Le fonds Barnier serait ainsi réservé aux mesures de prévention dont la preuve de l'efficacité est la plus avancée, ce qui permettrait à un nombre significatif de logements de bénéficier de ces mesures, et d'accélérer la généralisation de celles dont l'efficacité aura été complètement confirmée. Cet usage serait cohérent avec la compétence de la direction générale de la prévention des risques. L'usage du fonds Barnier permettrait également d'éviter de passer par des fonds ad hoc , dont le pilotage avait posé des difficultés dans le passé, comme supra .

Les mesures plus expérimentales, financées pour le PIA 4, pourraient quant à elles être menées par la DHUP, le BRGM, le Cerema et l'ADEME, comme c'est le cas actuellement.

Recommandation n° 4 : mobiliser le fonds Barnier pour financer des expérimentations sur les techniques de prévention portant sur l'environnement du bâti les plus abouties, en vue de leur éventuelle généralisation.

Recommandation n° 5 : mobiliser les financements du 4 ème programme d'investissements d'avenir pour développer de nouvelles techniques de prévention du RGA.

2. Les financements doivent concerner en priorité les communes ayant fait une demande non satisfaite de reconnaissance de l'état de catastrophe naturelle pour cause de sécheresse

Il reste néanmoins à déterminer le champ de ces financements. À ce stade, le fonds Barnier ne peut pas à lui seul financer ces mesures sur l'ensemble des logements exposés. Le rapport CGEDD-IGA-IGF de mars 2021 propose de cibler en priorité des communes volontaires, pour lesquelles l'état de catastrophe naturelle a été demandé mais non reconnu , ce qui est un avis partagé par la Cour des comptes 20 ( * ) . Le rapporteur spécial soutient cette recommandation.

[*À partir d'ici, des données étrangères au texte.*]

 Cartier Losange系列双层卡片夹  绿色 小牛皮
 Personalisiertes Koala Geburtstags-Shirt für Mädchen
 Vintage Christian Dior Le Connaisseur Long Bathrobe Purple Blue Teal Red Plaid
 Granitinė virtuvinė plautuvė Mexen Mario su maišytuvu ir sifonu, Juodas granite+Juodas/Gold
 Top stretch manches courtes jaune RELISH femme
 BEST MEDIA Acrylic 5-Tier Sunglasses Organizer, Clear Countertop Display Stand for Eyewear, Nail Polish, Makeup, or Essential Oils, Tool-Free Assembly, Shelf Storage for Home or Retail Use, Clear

Il faut également noter que certaines mesures horizontales, jusqu'alors considérées seulement comme « préventives », sont susceptibles d'avoir également des effets « curatifs » , c'est-à-dire de favoriser le redressement de la structure des bâtiments. Ces effets ne sont pas prouvés aujourd'hui, et ils diffèrent vraisemblablement selon les techniques utilisées, mais ils peuvent potentiellement avoir des conséquences importantes sur la soutenabilité du régime CatNat.

Se focaliser sur les communes qui ont fait une demande de reconnaissance de l'état de catastrophe naturelle permettra donc à la fois de tester la viabilité de certaines techniques , autant d'un point de vue préventif que curatif, et d'apporter un premier remède à des logements qui ne peuvent pas bénéficier de l'indemnisation dans le cadre du régime CatNat.

Recommandation n° 6 : financer en priorité des expérimentations de techniques de prévention du risque RGA dans les communes qui ont fait une demande de reconnaissance de l'état de catastrophe naturelle pour cause de sécheresse mais qui ne l'ont pas obtenu.


* 17 Réponses au questionnaire du rapporteur spécial.

* 18 Réponses au questionnaire du rapporteur spécial.

* 19 « Construire en terrain argileux », La réglementation et les bonnes pratiques, novembre 2021.

* 20 Cour des comptes, Rapport « Sols argileux et catastrophes naturelles », février 2022, page 66.